A brand-new crypto wallet appears out of nowhere. It has no history, no small warm-up trades, none of the hesitation a normal gambler leaves behind. It funds itself and immediately drops forty thousand dollars on a single, oddly specific outcome: that OpenAI will launch an AI web browser before the end of the month. Days later the browser is real, the bet pays, and the wallet has turned a cold start into a clean profit.

To almost everyone scrolling past, it is noise. To a growing tribe of on-chain sleuths, it is a flare going up. Because every trade on Polymarket is written to a public ledger, a wallet that behaves like that is not anonymous at all. It is a suspect, and there are now people whose entire job is to notice.

An industry built on suspicion

Tracking insider activity on prediction markets has quietly become a business of its own. Tools with names like Polysights and Insider Finder scan the chain for exactly this signature: a fresh wallet, a large stake, an improbably confident bet, a resolution that arrives suspiciously on schedule. When the pattern hits, they flag it in public, often long before any regulator has heard the wallet's name.

It is a strange inversion of how markets usually police themselves. There is no surveillance department behind a locked door, no privileged feed. The evidence is open to everyone, and so the watchdogs are volunteers and startups rather than officials. The crowd that trades the market also patrols it.

The hunted and the hunters need each other

What makes it work is that the two sides feed off the same fact. The insider needs the market because it converts a secret into money faster than anything else on earth.
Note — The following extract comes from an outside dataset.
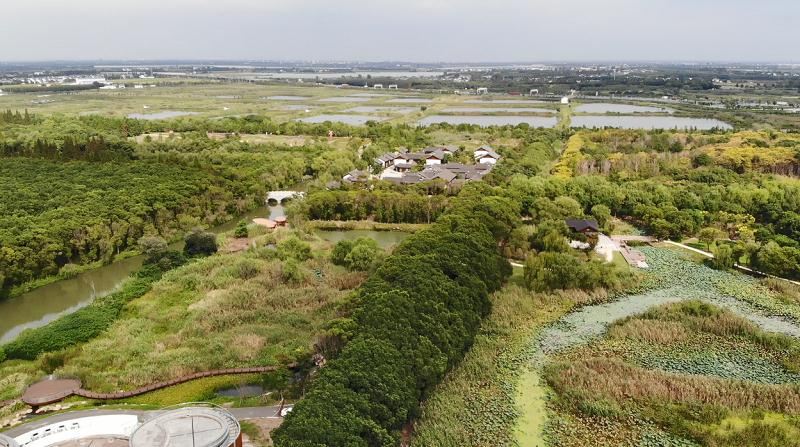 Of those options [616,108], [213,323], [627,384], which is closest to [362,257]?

The hunter needs the market because it converts that same secret into a permanent, timestamped trail. One cannot exist without the other, and both are betting on the same ledger telling the truth.

It leaves prediction markets in an odd, almost healthy tension. They are unusually easy to cheat and unusually hard to cheat quietly. Somewhere a new wallet is loading up on a certainty it should not have. And somewhere else, an alert is already firing.